Exercise aim -> I'd like the entire listing output verbatim, apart from the pictures.

Data provided ->
**********

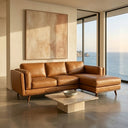Chase 91-inch tan genuine leather right-facing sectional sofa with chaise lounge set in a modern sunlit living room with ocean views.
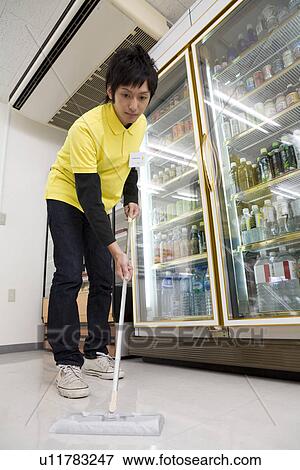 Stock Photo - Convenience store clerk cleaning up store. Fotosearch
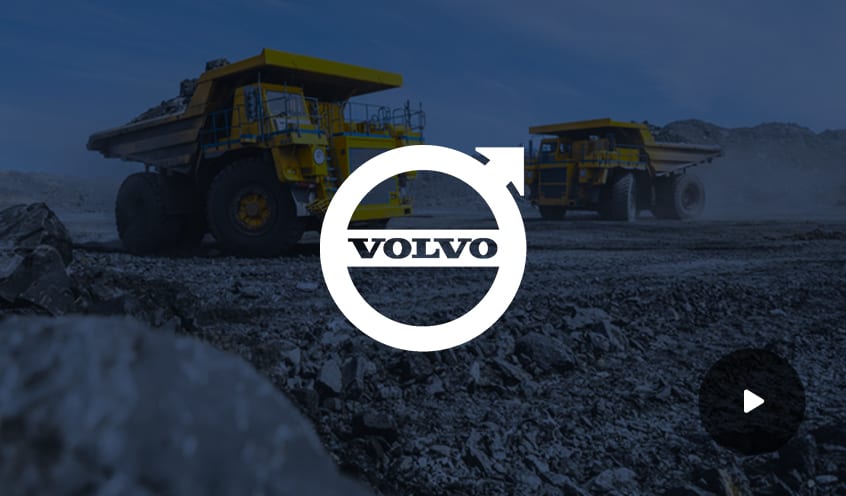 Volvo company logo overlayed on an image of construction trucks in a gravel lot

**********

Answer to the problem ->
Chase 91-inch tan genuine leather right-facing sectional sofa with chaise lounge set in a modern sunlit living room with ocean views.
 Stock Photo - Convenience store clerk cleaning up store. Fotosearch
 Volvo company logo overlayed on an image of construction trucks in a gravel lot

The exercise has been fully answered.